What needs to be done:
What is needed is an exact copy of the lines in the listing below, from the one with "Urmăriți noua limuzină" up to and including the one with "Concept d'investissement ETF", with no other lines.

Dataset entries:
_ _ _

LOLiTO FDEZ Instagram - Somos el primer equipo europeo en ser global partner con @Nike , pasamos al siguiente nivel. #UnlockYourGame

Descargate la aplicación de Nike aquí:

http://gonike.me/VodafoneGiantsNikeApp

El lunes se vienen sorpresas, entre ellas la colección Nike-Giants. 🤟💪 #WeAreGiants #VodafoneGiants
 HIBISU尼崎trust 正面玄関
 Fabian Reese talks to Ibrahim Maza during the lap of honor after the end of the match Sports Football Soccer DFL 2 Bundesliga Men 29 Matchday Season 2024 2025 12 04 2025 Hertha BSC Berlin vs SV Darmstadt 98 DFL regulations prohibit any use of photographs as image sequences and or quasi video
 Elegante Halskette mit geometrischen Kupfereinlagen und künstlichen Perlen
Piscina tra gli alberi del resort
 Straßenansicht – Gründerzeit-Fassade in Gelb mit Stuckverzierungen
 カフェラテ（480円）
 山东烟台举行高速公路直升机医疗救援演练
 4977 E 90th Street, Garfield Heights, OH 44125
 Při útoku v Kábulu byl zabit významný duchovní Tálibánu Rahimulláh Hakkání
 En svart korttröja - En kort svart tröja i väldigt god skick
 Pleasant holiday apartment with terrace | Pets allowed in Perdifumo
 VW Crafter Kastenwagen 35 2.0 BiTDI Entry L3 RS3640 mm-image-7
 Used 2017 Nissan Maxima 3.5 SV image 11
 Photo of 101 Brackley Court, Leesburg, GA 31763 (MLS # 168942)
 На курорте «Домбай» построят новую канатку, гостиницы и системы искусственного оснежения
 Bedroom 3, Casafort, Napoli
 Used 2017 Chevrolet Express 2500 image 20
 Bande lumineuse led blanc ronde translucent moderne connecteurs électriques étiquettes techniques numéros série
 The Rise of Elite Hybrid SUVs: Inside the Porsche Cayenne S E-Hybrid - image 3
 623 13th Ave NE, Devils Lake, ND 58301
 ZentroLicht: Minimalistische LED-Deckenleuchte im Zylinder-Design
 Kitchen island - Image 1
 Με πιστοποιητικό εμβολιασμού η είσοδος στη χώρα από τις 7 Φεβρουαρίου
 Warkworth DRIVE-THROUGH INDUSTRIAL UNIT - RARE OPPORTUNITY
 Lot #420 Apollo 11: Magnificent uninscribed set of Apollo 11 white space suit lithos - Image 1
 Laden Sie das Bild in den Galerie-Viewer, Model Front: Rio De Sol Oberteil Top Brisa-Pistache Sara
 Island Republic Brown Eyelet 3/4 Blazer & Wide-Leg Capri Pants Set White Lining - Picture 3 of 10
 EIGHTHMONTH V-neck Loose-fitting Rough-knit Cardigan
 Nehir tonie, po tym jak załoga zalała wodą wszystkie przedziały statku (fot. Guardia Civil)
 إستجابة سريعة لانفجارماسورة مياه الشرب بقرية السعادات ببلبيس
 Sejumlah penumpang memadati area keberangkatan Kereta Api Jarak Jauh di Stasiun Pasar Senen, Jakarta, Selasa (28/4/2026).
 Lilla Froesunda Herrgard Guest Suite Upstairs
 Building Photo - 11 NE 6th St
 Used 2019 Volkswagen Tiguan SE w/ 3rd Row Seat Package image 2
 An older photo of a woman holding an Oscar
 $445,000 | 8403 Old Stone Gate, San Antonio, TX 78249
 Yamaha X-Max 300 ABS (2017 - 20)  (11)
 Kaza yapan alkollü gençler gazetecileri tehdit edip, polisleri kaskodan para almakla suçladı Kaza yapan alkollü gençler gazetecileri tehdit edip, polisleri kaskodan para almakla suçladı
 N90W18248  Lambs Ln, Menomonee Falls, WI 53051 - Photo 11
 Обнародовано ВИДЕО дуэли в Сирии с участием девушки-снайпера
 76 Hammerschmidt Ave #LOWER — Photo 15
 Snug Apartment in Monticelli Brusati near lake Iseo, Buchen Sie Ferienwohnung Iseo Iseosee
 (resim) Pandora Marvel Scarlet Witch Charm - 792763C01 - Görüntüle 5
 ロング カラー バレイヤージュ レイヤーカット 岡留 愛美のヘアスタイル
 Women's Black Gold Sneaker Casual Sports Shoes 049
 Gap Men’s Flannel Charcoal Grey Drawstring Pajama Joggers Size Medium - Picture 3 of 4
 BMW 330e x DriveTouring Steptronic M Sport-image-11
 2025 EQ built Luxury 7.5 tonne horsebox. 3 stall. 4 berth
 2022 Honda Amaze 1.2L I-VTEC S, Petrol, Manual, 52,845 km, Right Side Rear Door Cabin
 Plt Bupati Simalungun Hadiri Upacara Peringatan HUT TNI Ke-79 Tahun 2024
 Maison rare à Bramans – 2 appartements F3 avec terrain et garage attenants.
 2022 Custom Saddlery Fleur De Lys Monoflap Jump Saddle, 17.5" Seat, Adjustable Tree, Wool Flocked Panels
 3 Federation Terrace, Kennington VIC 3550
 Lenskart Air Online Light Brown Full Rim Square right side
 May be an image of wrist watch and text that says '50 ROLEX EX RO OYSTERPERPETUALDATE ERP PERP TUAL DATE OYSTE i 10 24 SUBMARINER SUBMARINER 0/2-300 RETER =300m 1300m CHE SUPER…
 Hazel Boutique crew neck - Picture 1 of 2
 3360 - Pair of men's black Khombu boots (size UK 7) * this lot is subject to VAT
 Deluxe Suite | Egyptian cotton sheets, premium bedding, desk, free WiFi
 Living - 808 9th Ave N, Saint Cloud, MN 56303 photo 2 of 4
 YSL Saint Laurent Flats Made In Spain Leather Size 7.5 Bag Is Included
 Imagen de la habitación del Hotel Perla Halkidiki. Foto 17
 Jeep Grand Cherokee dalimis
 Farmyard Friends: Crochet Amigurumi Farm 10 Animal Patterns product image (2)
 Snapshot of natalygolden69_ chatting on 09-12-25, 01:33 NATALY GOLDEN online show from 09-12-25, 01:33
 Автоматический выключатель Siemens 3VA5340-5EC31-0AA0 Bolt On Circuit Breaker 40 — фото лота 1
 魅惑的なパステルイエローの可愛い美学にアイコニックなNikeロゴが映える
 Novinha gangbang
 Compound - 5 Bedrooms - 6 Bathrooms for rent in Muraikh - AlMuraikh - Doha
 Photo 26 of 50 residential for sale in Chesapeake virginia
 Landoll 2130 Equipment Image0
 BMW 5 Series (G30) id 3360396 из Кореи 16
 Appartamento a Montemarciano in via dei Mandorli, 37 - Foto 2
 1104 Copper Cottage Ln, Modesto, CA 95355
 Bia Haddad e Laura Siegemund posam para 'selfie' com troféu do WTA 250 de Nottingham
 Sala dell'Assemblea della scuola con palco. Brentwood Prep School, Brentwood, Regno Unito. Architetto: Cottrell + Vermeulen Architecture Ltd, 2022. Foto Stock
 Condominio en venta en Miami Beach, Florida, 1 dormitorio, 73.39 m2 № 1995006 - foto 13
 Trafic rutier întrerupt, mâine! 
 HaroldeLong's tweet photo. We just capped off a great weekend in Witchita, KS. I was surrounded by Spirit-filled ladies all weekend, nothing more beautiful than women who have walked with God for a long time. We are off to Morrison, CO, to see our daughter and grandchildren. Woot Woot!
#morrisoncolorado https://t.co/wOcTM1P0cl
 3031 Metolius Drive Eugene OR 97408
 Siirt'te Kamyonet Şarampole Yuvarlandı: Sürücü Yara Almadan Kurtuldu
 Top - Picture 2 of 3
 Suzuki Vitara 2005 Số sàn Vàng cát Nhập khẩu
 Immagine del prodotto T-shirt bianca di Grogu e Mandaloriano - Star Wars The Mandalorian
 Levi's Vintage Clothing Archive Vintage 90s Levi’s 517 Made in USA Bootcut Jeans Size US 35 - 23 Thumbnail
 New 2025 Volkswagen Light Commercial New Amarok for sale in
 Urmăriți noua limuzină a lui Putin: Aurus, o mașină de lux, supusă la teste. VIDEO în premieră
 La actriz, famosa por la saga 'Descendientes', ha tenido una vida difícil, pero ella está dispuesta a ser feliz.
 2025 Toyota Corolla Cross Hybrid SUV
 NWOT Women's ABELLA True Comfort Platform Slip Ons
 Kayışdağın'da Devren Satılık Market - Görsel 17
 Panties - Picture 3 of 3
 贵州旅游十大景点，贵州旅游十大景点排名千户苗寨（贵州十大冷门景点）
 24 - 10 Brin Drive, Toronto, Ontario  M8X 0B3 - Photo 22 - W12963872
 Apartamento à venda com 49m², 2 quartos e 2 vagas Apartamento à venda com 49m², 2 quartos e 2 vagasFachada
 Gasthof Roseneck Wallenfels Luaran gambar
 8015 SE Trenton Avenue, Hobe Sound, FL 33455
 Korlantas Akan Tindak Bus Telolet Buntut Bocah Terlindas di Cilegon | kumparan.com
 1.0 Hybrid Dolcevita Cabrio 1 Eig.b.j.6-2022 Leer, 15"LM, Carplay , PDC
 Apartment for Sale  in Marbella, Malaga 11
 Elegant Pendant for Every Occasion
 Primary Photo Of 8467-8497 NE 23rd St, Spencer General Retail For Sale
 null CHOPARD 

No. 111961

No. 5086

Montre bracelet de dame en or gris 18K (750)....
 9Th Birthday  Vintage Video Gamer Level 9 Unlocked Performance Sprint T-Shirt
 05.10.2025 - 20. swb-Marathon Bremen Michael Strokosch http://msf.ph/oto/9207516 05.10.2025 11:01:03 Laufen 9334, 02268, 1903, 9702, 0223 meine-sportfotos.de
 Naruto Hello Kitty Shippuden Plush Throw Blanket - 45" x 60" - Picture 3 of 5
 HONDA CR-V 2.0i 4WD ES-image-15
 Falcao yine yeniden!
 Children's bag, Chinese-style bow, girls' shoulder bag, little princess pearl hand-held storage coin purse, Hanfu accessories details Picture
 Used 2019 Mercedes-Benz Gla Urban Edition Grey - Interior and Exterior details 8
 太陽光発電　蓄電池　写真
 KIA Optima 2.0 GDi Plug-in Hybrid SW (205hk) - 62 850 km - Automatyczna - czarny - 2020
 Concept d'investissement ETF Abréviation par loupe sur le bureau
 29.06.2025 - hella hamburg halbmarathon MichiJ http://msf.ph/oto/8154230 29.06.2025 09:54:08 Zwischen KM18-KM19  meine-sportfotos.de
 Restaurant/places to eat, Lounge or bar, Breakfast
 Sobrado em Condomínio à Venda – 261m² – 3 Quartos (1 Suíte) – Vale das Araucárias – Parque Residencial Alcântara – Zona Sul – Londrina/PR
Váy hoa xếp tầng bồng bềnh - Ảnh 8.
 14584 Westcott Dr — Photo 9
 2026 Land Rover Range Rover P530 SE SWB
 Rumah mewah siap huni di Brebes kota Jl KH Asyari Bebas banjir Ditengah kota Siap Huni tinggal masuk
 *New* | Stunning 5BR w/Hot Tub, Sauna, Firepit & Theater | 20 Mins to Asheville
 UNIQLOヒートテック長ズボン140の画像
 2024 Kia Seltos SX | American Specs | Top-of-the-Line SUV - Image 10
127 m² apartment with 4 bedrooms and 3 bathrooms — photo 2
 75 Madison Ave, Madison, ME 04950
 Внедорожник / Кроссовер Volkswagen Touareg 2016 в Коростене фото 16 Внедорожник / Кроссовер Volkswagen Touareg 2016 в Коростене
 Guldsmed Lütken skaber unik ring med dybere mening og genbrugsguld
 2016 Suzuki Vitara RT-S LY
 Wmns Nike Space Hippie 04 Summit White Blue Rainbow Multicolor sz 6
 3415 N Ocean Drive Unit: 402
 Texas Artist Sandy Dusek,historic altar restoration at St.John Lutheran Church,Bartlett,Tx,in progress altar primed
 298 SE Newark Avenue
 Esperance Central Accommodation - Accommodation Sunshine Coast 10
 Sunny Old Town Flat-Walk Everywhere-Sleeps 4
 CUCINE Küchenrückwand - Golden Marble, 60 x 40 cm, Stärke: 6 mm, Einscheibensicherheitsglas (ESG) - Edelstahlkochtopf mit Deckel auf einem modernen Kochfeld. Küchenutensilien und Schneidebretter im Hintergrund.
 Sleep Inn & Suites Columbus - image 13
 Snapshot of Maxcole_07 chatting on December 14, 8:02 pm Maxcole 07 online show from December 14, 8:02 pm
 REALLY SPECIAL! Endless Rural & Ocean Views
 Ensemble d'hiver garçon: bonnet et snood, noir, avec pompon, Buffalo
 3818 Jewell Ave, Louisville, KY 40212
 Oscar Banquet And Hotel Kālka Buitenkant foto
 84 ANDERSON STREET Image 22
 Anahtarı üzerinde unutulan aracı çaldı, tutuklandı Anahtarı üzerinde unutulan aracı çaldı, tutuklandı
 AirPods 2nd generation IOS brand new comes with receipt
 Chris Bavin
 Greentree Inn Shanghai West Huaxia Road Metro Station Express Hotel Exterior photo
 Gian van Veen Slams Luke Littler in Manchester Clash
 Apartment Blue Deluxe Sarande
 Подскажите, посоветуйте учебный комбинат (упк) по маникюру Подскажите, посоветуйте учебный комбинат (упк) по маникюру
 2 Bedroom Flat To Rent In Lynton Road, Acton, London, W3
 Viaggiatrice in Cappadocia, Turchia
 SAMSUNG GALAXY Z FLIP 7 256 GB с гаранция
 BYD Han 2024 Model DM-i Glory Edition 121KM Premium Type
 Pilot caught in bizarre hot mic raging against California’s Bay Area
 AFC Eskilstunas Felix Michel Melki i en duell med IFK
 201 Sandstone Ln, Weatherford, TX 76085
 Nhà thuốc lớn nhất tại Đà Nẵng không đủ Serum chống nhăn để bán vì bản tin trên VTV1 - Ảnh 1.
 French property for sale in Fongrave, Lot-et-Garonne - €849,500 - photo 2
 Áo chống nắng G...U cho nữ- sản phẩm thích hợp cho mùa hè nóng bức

_ _ _

Answer section:
 Urmăriți noua limuzină a lui Putin: Aurus, o mașină de lux, supusă la teste. VIDEO în premieră
 La actriz, famosa por la saga 'Descendientes', ha tenido una vida difícil, pero ella está dispuesta a ser feliz.
 2025 Toyota Corolla Cross Hybrid SUV
 NWOT Women's ABELLA True Comfort Platform Slip Ons
 Kayışdağın'da Devren Satılık Market - Görsel 17
 Panties - Picture 3 of 3
 贵州旅游十大景点，贵州旅游十大景点排名千户苗寨（贵州十大冷门景点）
 24 - 10 Brin Drive, Toronto, Ontario  M8X 0B3 - Photo 22 - W12963872
 Apartamento à venda com 49m², 2 quartos e 2 vagas Apartamento à venda com 49m², 2 quartos e 2 vagasFachada
 Gasthof Roseneck Wallenfels Luaran gambar
 8015 SE Trenton Avenue, Hobe Sound, FL 33455
 Korlantas Akan Tindak Bus Telolet Buntut Bocah Terlindas di Cilegon | kumparan.com
 1.0 Hybrid Dolcevita Cabrio 1 Eig.b.j.6-2022 Leer, 15"LM, Carplay , PDC
 Apartment for Sale  in Marbella, Malaga 11
 Elegant Pendant for Every Occasion
 Primary Photo Of 8467-8497 NE 23rd St, Spencer General Retail For Sale
 null CHOPARD 

No. 111961

No. 5086

Montre bracelet de dame en or gris 18K (750)....
 9Th Birthday  Vintage Video Gamer Level 9 Unlocked Performance Sprint T-Shirt
 05.10.2025 - 20. swb-Marathon Bremen Michael Strokosch http://msf.ph/oto/9207516 05.10.2025 11:01:03 Laufen 9334, 02268, 1903, 9702, 0223 meine-sportfotos.de
 Naruto Hello Kitty Shippuden Plush Throw Blanket - 45" x 60" - Picture 3 of 5
 HONDA CR-V 2.0i 4WD ES-image-15
 Falcao yine yeniden!
 Children's bag, Chinese-style bow, girls' shoulder bag, little princess pearl hand-held storage coin purse, Hanfu accessories details Picture
 Used 2019 Mercedes-Benz Gla Urban Edition Grey - Interior and Exterior details 8
 太陽光発電　蓄電池　写真
 KIA Optima 2.0 GDi Plug-in Hybrid SW (205hk) - 62 850 km - Automatyczna - czarny - 2020
 Concept d'investissement ETF Abréviation par loupe sur le bureau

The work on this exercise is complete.